What parts of me? What parts are okay to share? Which are relevant? Which are too much? I don’t want to trauma-dump. This meeting is like a first date and these aren’t first-date stories. I’m not sure what she’s ready for. I’m not used to this shade of spotlight.

I provided a simple response, words that were rightly more of an introduction than a story, and offered to answer any questions, but she didn’t press. If this were my opportunity to display story-telling aptitude, I failed.

Do I talk about the random and various places I slept when I was a homeless teenager? The vulnerabilities that led to and the traumas which ensued? How I kept my sights on my goal of higher education and carving out a new and better life? The crushing of those hopes of a fresh start when a friend betrayed me there? My immigration journey that led me to the sunny shores of California in pursuit of higher wages with which to sustain myself, but which ultimately led me to love?
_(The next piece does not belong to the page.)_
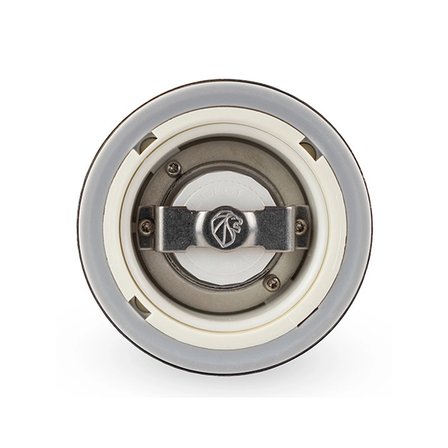 Peugeot Daman Pilli Tuz Değirmeni Siyah 16 cm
Yes, all of that – but I said none of it. My professional façade couldn’t quite find those words in that space in that moment.

How do we sift through the many scenes of our lives to find our true narrative? How do you?

How do we remain grounded in the self we’ve become while reaching a loving hand back to the self we’ve grown from?

This is the work of integration.

And it’s not a linear path, I’m discovering. Finding the narrative of your trauma or your life story is intrinsically healing, as you come to grips with painful truths and through each scene, you learn to love the self who hurt, whose courage failed, and who ultimately triumphed, even if simply through surviving and carrying on. But years of patterning can challenge the process of inhabiting that cohesive narrative. Old stories, painful lies and insecurities may haunt at unexpected moments, knocking you back from the confidence you have earned.

Beside me is a notebook in which I scribble ideas for my current book project. As I’m writing this, I distractedly glance over and I see my note: Costs of being a black sheep: 1. Hiding parts of yourself. The irony.

I want to be authentic, but hiding is habitual. It can be hard to trust that others truly want to know, or are ready to handle our most painful truths. This theme is a ribbon rippling out throughout the various spaces of my life.

Last weekend, I had the opportunity to see one of my favorite celebrities, Trevor Noah, perform live at the Hollywood Bowl. Toward the end, with darkness fallen on the verdant hills and bright spotlights animating our attention, Trevor invited questions from audience members near enough to shout to the amphitheater stage. “How are you so authentic?” someone asked. Thoughtfully, Trevor replied, “I don’t strive to be my most authentic self. I try to be my best self.”

I love this, because it provides a framework for moving from the morass of pain into an integrated, powerful, and peaceful place of purpose. I believe my best self is an authentic self, too, but one who continually strives to grow, to pull from the lessons my life has taught me to find wisdom and grace and compassion, both for myself, and to extend toward all others.

And in this grace I must allow for times when my voice, or my courage, fails. I must extend compassion so that with the strength that comes from gentleness I rise up to speak truth and love and healing again.

Do you hide parts of yourself?

What truths do you find hard to speak?

What limiting beliefs about your story hold you back?